The premise of the show is similar to the BBC series ‘Waking the Dead’, which was first broadcast in 2000. A group of police detectives in Philadelphia investigate “cold cases”, involving an unsolved homicide (or suspected homicide), when new evidence comes to light. The show uses flashbacks to tell its story and incorporates flashback scenes within scenes, showing us characters as they were at the time of the crime and as they are now. The longest stretch of time covered in an episode in 88 years, with one character portrayed as a 6-year-old child and a 94-year-old woman.
Each episode opens with a song applicable to the period in which the crime occurred and ends with a montage sequence set to another appropriate song. For example, one episode, about a case from 1975, opens with ‘Tin Man’ by America and ends with ‘Landslide’ by Fleetwood Mac.
The closing montage sequences really do have to be seen to be believed. They are both hilarious and affecting in equal measure – primarily hilarious.

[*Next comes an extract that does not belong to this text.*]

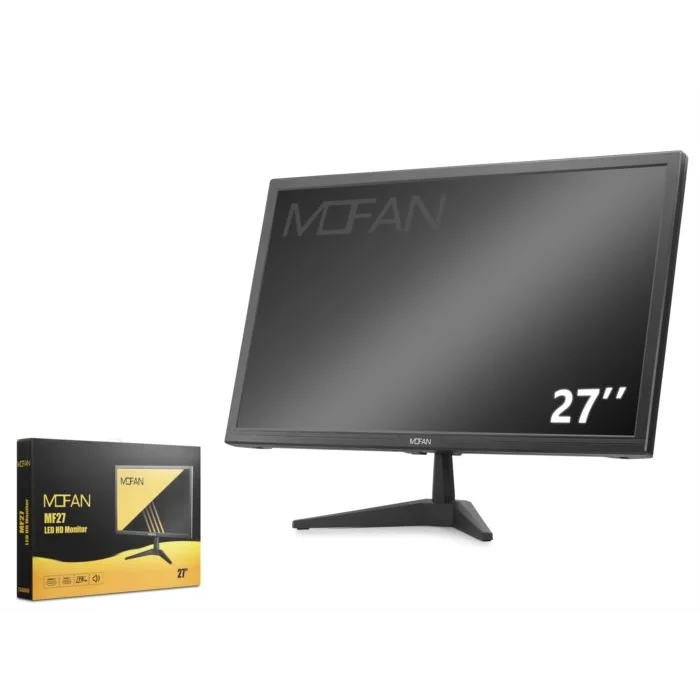 Monitör 27 İnç Hdmı Vga Ve Hoparlör 75 Hz Led Full Hd  Mofan MF24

I first started to watch the show because it stars Kathryn Morris, who I remembered from a horror film called ‘Sleepstalker’. Morris seems to be the palest woman in the world; she is remarkably pallid. She plays Detective Lilly Rush, whose attitude towards different cases is often influenced by the affect on her of growing up in a severely poverty-stricken and dysfunctional one-parent family environment with an alcoholic mother, although the show only really scratches at the surface of characterisation.
I’ve only watched random episodes, primarily from seasons three and four, but it has become a show I currently look forward to seeing each week.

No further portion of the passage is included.